2. Prayer, as-salah, five times daily in Arabic and while facing Mecca. Muslims regard Arabic as the holiest of languages. It is the language of the Qur'an, regarded as God's final revelation to humankind. The Qur'an (s.2:117) says that Arabic is the language God used to create the world.
3. Payment of the az-zakat, or charity tax (2 ½ %).
5. Pilgrimage, al-Hajj, to Mecca, for all who are physically and financially able.
Al-azan, "call to prayer" (chanted by al-muazin, "the prayer caller"):
Ahl-LAH-hoo AHK-bahr-God is Great.
Ashadoo AL-la ee-LA-ha IL-la-ahl-LAH-I witness that there is no god but God.
Ashadoo AN-nah Muhammadan Rasoolulah- I witness that Muhammad is the messenger of God.
Hi AH-lah ahs-sah-LAH-Come to prayer!
Hi AH-lah al-fah-LAH- Come to prosperity!
Ahl-LAH-hoo AHK-bahr- God is great.
La ee-LAH-ha IL-la-ahl-LAH-There is no God but God.
(all phrases are repeated once except the last two)
fajr - dawn
zuhr - noon
asr - afternoon
maghreb - sunset
iss-hah - night
The Muslim faces al-qibla, "the direction" (of Mecca) to pray. During prayer, ritual prostrations, sujood, are performed. These prostrations are also called ir-raka'at ("the bowings"). If possible, and especially at noon prayers on Friday, the Muslim holy day, prayer is performed in al-masjeed, "the place of prostration", or, mosque, as we know it. In Egyptian colloquial Arabic, the mosque may be known simply as ig-gamma, "the gathering place." Prayers may be led by an imam ("prayer leader," literally, "one who stands in front"), and on Friday a khutba ("sermon") will be preached by the sheikh (roughly "reverend"), also called less formally, al-khateeb ("the preacher"). Muslims are required to pray in Arabic, which they regard as a sacred tongue: the language God used to create the world (see Qur'an, s.2:117).
Features of the typical mosque include the prayer niche (mihrab ) in the wall facing Mecca; the minbar, or pulpit; and the minaret ("place of the beacon light"), the tower from which the muazin chants the call to prayer.
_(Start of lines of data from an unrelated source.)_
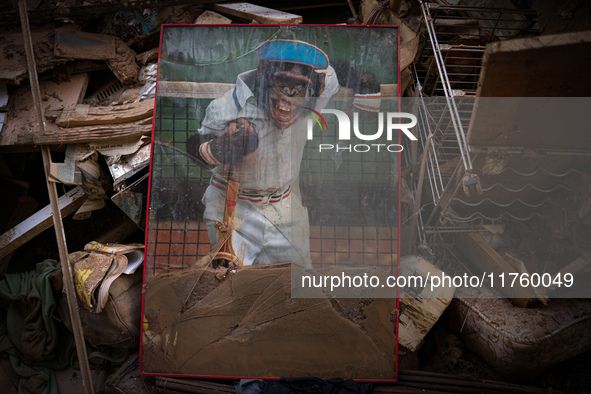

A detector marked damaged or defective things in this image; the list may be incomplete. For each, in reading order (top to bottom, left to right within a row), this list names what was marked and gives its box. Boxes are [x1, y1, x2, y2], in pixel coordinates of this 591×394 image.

broken wooden plank [212, 2, 302, 24]
broken wooden plank [54, 28, 140, 85]
broken wooden plank [0, 72, 89, 148]
broken wooden plank [32, 120, 154, 146]
broken wooden plank [47, 98, 154, 127]
broken wooden plank [0, 186, 86, 264]
broken wooden plank [454, 231, 540, 308]
splintered wood [141, 264, 396, 380]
Sura I, Fatiha, or, "the Opening"
This is the most important prayer in Is lam. Recited some seventeen times daily (most often repeatedly during the five regular prayer times, but also when marriage engagements and business deals are contracted), it is among the most powerfully lyrical chapters in the Quran.
1. bismillah ir-rahman,ir-raheem. In the name of God, the Most Gracious, the Most Merciful.
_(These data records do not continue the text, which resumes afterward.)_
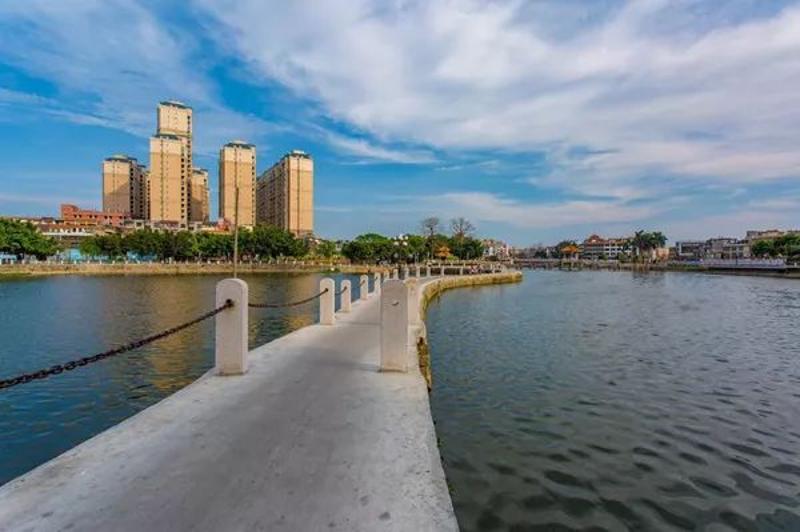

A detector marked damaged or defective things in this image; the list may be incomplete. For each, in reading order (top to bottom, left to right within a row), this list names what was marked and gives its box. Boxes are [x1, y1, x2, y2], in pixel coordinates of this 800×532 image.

rusty chain [0, 300, 233, 390]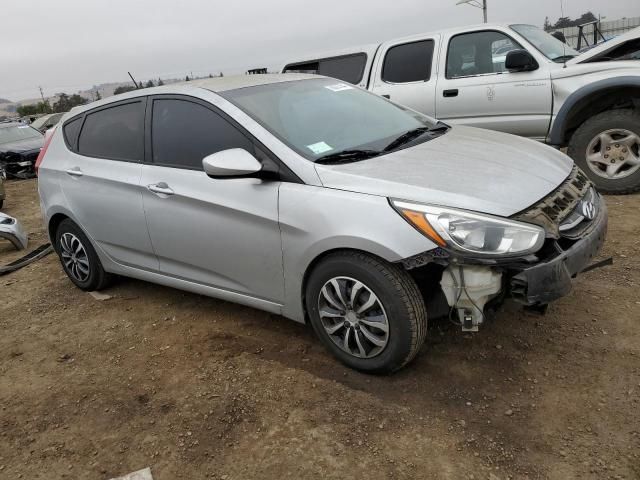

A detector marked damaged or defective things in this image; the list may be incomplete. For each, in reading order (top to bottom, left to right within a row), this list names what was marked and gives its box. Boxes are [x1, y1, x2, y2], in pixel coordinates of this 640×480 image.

broken bumper cover [0, 214, 28, 251]
damaged front bumper [0, 214, 28, 251]
damaged front bumper [510, 198, 608, 304]
broken bumper cover [510, 201, 608, 306]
2. ilhamdoolilah reb el-alameen, Praise be to God, the Cherisher and Sustainer of the Worlds;
3. irrahman-raheem, The Most Gracious, the Most Merciful;
4. Malek yom id-deen, Master of the Day of Judgment
5. ih-yaka naboodoo wuh ih-yaka nesta-een Thee do we worship, and Thine aid do we seek. ,
6. iddeen-il-siraht il-mustaqeem, Show us the straight way,
7. siraht aletheena anaamta aleihim The way of those on whom Thou hast bestowed Thy Grace,
gheir il-maghdoobi aleihim Those whose (portion)Is not wrath,
wuh lah il-dohleen. And who go not astray.
A. Yusef Ali, The Holy Quran (Brentwood, Maryland, 1983).
This is the text of the chant pilgrims recite throughout the pilgrimage to Mecca:
Labayaka, Allahumma, Labayaka, "Here I am, O God, at thy command,
Labayaka, Allahumma, Labayaka! here I am!
Lasharik lika, Labayaka! Thou art without associates, here I am!
Inna al-hamda, Thine are praise,
wuh an-nimaata, and grace,
wuh lika al-mulk. and dominion.
Lasharik lika, You have no associates,
Labayaka! Here I am!
For a concise argument in support of Islam as a force for goodness, peace, tolerance, and moderation backed up by references to the Qur'an see Jordanian King Abdullah's "Amman Message" of 2004.